= Beginning of Section =
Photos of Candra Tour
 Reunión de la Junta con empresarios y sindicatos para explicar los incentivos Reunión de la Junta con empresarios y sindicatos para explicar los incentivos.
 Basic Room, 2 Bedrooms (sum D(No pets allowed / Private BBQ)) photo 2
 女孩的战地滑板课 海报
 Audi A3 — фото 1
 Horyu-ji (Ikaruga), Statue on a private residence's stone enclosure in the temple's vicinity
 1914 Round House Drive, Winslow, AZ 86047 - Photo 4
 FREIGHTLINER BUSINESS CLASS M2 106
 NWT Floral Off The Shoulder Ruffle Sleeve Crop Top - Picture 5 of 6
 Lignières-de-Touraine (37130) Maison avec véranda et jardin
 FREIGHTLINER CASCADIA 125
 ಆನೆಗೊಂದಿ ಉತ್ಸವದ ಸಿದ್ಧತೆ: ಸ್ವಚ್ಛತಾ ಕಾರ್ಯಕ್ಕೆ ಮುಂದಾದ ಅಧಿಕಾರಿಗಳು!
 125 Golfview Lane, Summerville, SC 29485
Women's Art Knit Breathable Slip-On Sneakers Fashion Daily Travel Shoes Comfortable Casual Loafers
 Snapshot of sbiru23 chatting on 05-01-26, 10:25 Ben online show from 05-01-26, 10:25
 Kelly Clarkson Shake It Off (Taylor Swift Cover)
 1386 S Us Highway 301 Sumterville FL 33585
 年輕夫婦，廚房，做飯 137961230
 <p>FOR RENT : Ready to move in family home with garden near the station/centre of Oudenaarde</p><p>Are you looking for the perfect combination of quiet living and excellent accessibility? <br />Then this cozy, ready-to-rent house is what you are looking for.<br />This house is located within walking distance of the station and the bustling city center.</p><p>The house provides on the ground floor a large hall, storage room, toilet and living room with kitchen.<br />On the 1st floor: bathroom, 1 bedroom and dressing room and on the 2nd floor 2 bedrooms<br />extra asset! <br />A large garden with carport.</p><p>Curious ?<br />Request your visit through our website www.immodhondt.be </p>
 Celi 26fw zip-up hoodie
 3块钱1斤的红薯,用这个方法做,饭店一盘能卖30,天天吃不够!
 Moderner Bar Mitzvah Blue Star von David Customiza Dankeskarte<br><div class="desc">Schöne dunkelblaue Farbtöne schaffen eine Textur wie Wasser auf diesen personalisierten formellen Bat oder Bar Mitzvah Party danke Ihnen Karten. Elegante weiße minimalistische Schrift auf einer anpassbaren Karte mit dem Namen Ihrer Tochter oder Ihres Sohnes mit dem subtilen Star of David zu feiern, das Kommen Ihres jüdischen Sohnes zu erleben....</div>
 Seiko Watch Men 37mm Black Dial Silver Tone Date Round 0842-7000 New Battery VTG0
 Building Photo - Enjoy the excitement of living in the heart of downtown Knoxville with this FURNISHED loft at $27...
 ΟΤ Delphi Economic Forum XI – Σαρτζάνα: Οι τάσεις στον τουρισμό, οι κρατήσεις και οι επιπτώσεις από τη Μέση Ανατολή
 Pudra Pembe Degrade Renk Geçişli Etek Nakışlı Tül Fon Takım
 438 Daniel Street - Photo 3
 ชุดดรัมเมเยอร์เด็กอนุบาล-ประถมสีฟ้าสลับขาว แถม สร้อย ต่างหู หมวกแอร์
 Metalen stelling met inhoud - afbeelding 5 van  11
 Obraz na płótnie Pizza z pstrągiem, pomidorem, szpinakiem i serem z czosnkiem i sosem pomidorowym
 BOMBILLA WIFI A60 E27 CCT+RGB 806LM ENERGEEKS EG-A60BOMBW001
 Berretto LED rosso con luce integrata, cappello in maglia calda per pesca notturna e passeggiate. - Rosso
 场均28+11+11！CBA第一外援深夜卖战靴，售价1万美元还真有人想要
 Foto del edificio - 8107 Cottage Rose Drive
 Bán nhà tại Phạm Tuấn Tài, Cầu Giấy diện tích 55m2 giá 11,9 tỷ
= End of Section =
*WHAT TO PRODUCE*.
What number of lines in the records hold "FREIGHTLINER"? Reply with that number alone.

*RESPONSE FOR THIS EXERCISE*.
2